Re: 2.6.26/tg3 ping roundtrip times > 2000 ms on local network

Previous thread: Re: INFO: task blocked for more than 120 seconds by Michael Madore on Tuesday, August 19, 2008 - 11:00 am. (2 messages)

Next thread: Re: [PATCH] X86: Change the default value of nr_irqs from 32 to NR_IRQs by Yinghai Lu on Tuesday, August 19, 2008 - 11:24 am. (9 messages)
From: Marc Haber
Date: Tuesday, August 19, 2008 - 10:20 am

Hi,

I have one HP DL 140 G1 running with Debian stable and a
locally-built, vanilla kernel. With 2.6.25.11, everything is fine.

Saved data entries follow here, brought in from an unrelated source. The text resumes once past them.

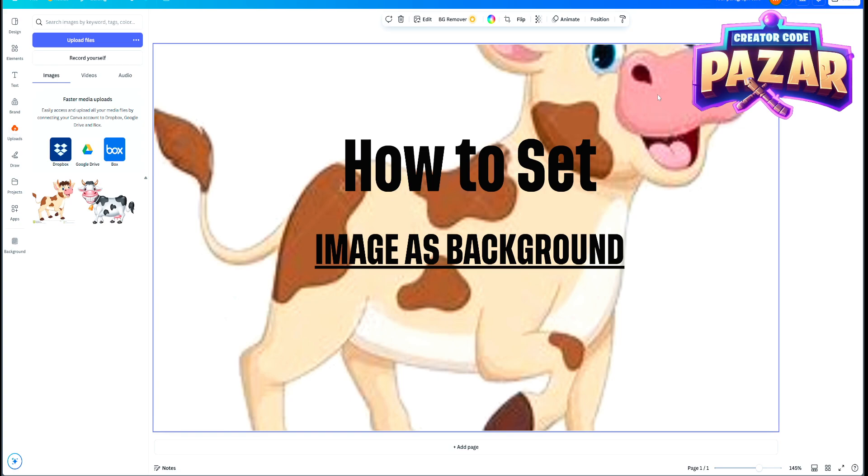So yeah, that is how you set an image as your background in Canva. I hope to help you guys out and have a fantastic day. Do not subscribe to me.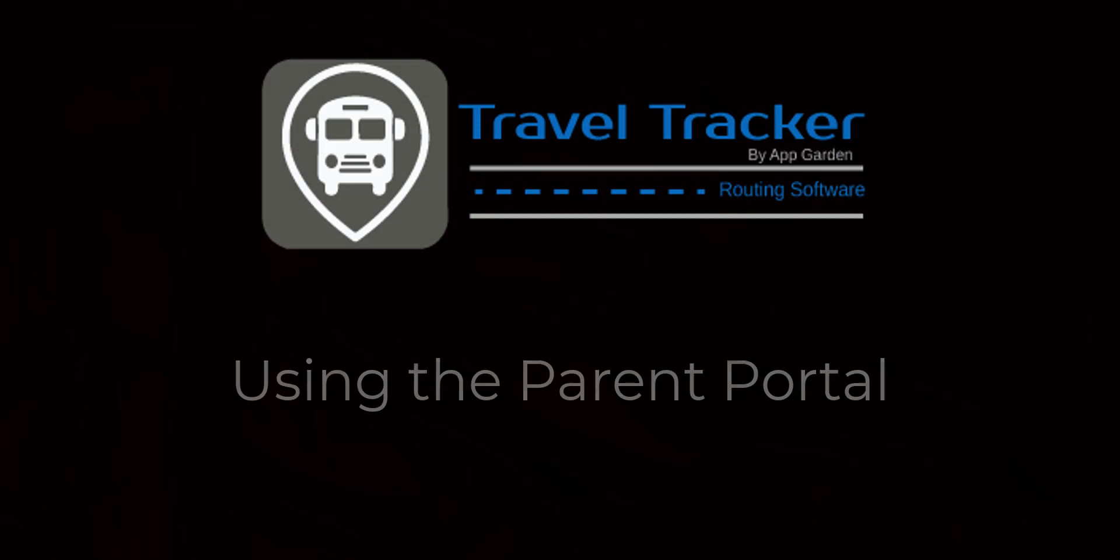And that is everything about the parent portal. It makes it super easy to keep in touch with your parents and have your parents keep in touch with you about student transportation.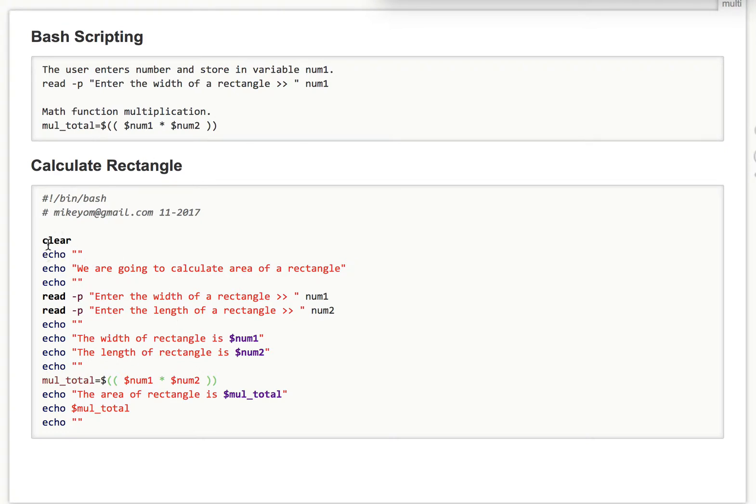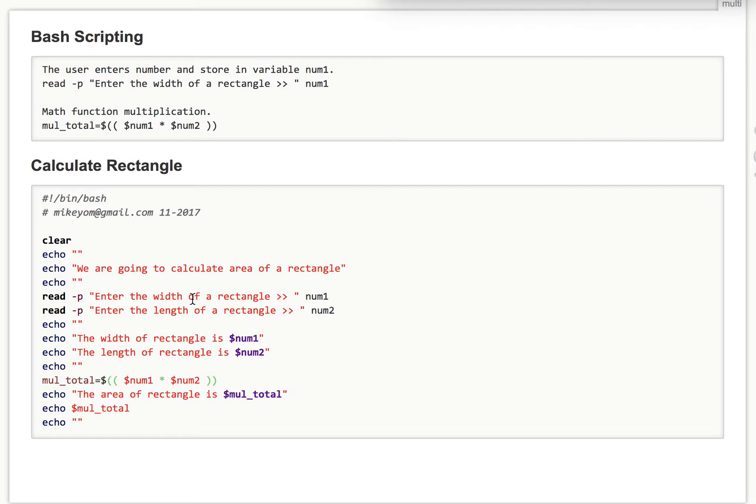So here is the first statement. It's going to be clear, clear the screen and echo all this. And this part is the first part where the user enters the width of a rectangle, num1, and then a length of a rectangle, num2.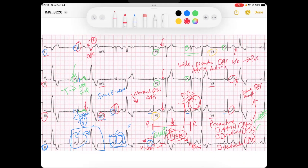So these are PVCs. There's one more thing I want to walk you through to make sure we categorize this EKG the right way. Notice that our pattern is: one normal beat, then a PVC, normal beat, PVC, normal beat, PVC, normal beat, PVC — in a repeating pattern.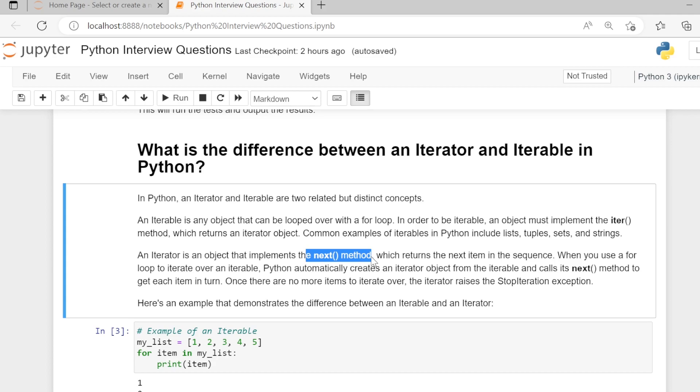When you use a loop to iterate over an iterable, Python automatically creates an iterator object for the iterable and calls its __next__ method to get each item in turn.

But, after updating to 2.6.26.2, I noticed that pinging the host on
the local ethernet sometimes (e.g. several times a minute, but not
always) results in a round-trip time of larger than two seconds. The
packets are not lost though, they're only severly delayed. For an ssh
session to the host, this feels like somebody rocking a bad network
connector. The same behavior is visible with 2.6.26 and 2.6.26.1.

Going back to 2.6.25.11 immediately fixes the issue for me.

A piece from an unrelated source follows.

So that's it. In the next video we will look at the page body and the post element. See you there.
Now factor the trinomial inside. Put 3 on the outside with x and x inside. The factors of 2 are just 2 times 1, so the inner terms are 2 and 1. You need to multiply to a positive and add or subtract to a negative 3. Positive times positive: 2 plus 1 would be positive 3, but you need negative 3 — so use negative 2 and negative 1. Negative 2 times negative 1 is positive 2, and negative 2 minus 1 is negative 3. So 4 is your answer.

Syslog doesn't say anything conspicious, unfortunately. As I don't
have local access to the box, I cannot say whether it's only the
network that freezes or whether it's the entire box.

Does it make sense to test any later 2.6.25.x kernel, or is there any
post-2.6.26 patch available that may fix the issue for me?

Strangely, another DL 140 from the same charge runs just fine with
2.6.26.2.

Here is the output of lspci -vvv for the network interface:

02:00.0 Ethernet controller: Broadcom Corporation NetXtreme BCM5704 Gigabit Ethernet (rev 02)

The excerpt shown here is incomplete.